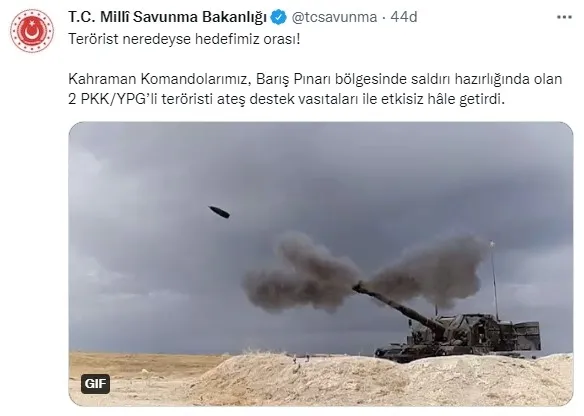 Son dakika: MSB: 2 PKK-YPG’li terörist öldürüldü - 1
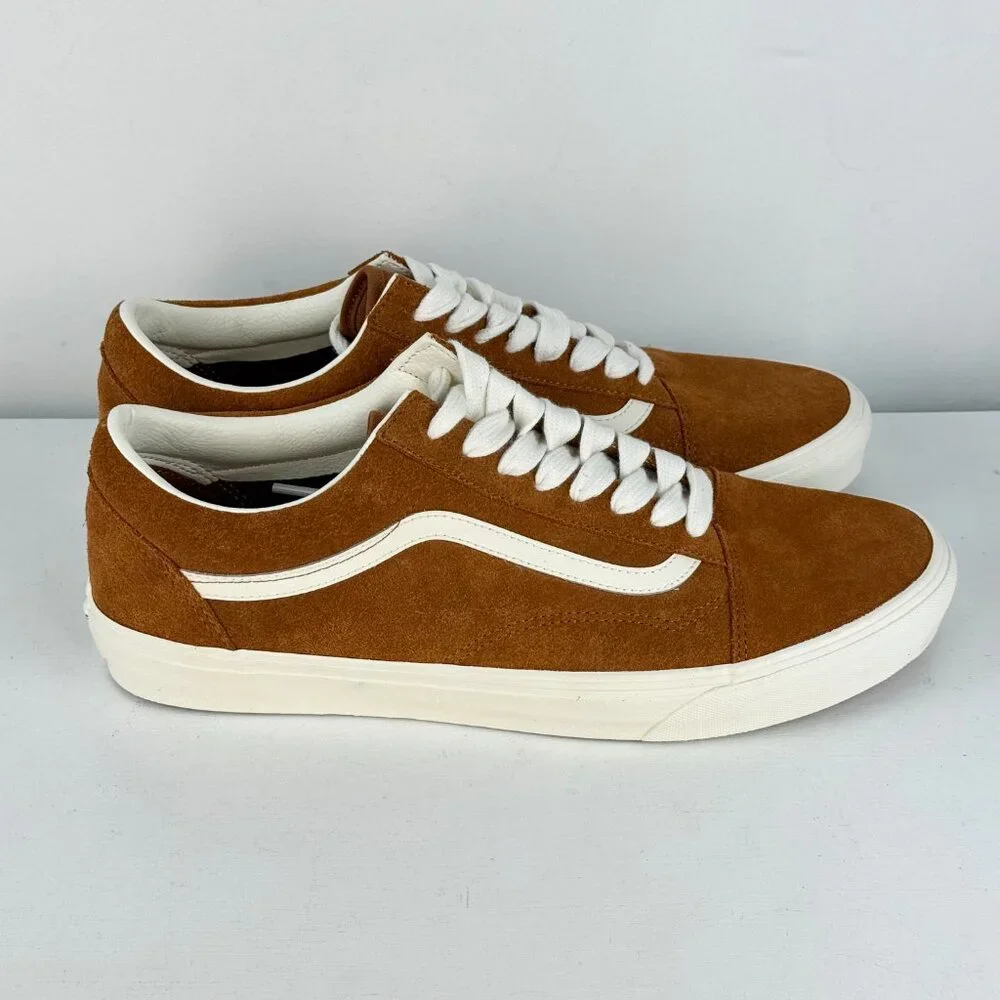 Men's 13 - VANS Old School Low Pig Suede Brown Shoe - 751505
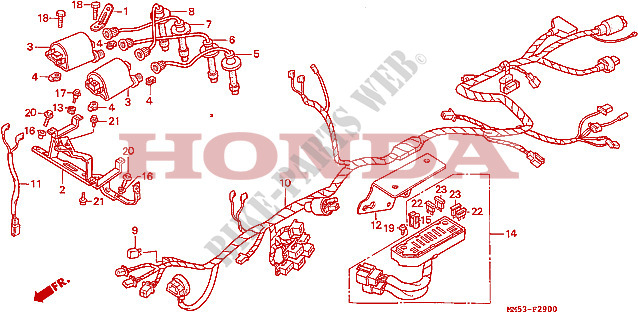CONJUNTO DE ALAMBRES (CBR1000FH/FJ/FM) para Honda CBR 1000 1991
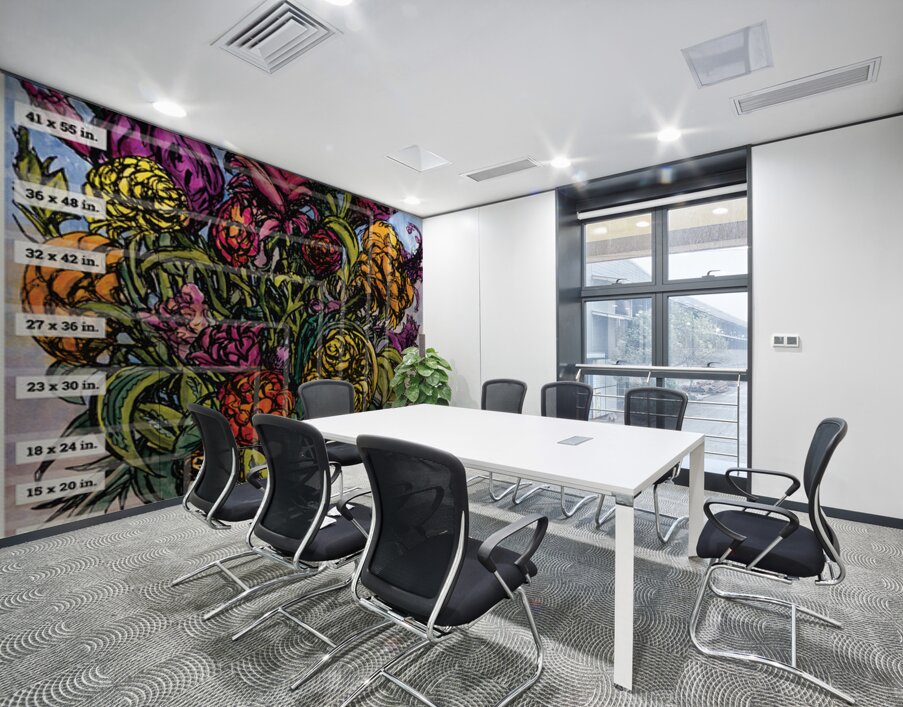 Art Fair Marketing Material   Sizng Example Canva Wall Printing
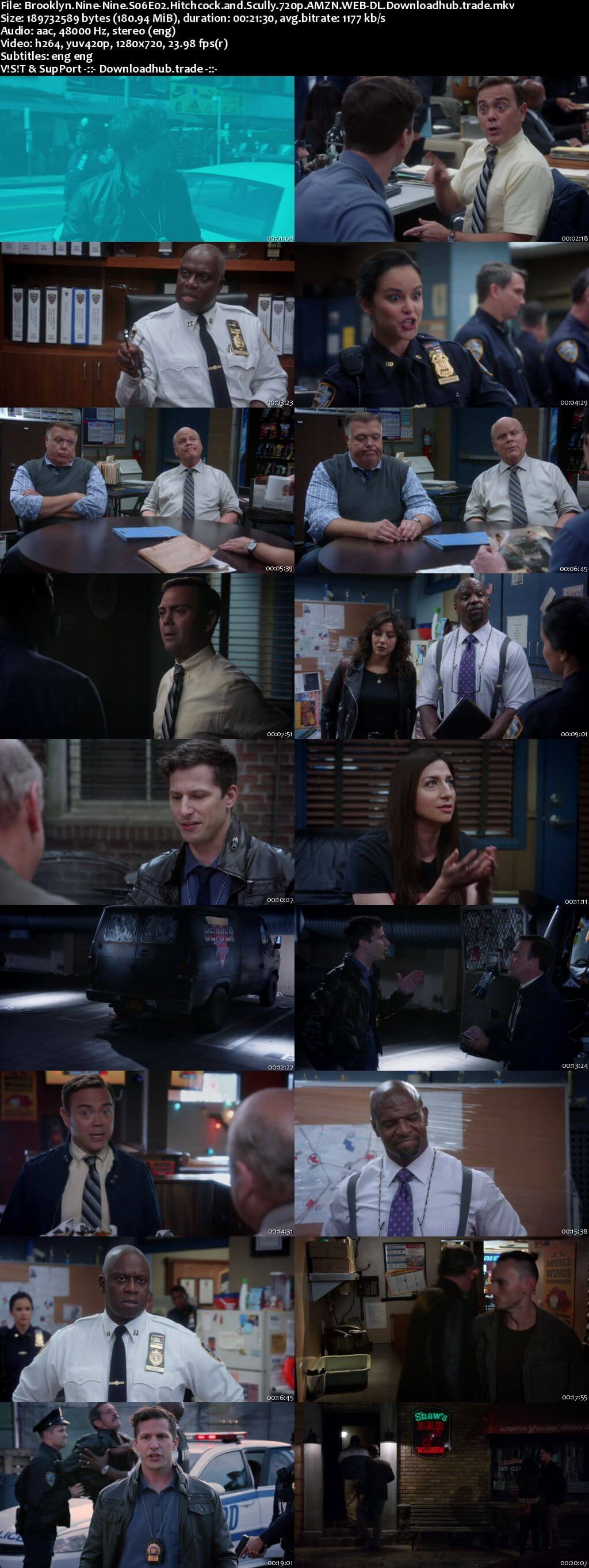 Brooklyn Nine-Nine S06E02 180MB WEB-DL 720p ESubs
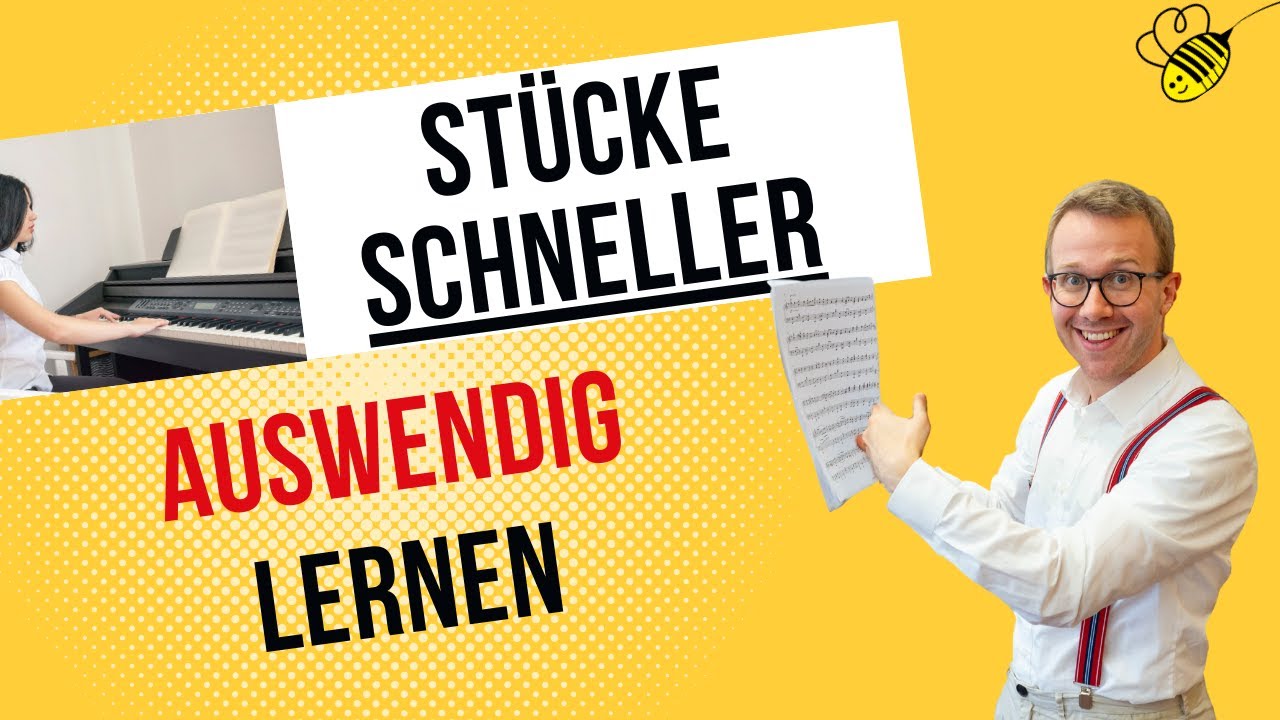 Stücke am Klavier schneller auswendig lernen [3 Tipps]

▶ **Task to carry out**: The entries are to be transcribed in full. Their pictures are not.

▶ **Exercise result**:
 Son dakika: MSB: 2 PKK-YPG’li terörist öldürüldü - 1
 Men's 13 - VANS Old School Low Pig Suede Brown Shoe - 751505
CONJUNTO DE ALAMBRES (CBR1000FH/FJ/FM) para Honda CBR 1000 1991
 Art Fair Marketing Material   Sizng Example Canva Wall Printing
 Brooklyn Nine-Nine S06E02 180MB WEB-DL 720p ESubs
 Stücke am Klavier schneller auswendig lernen [3 Tipps]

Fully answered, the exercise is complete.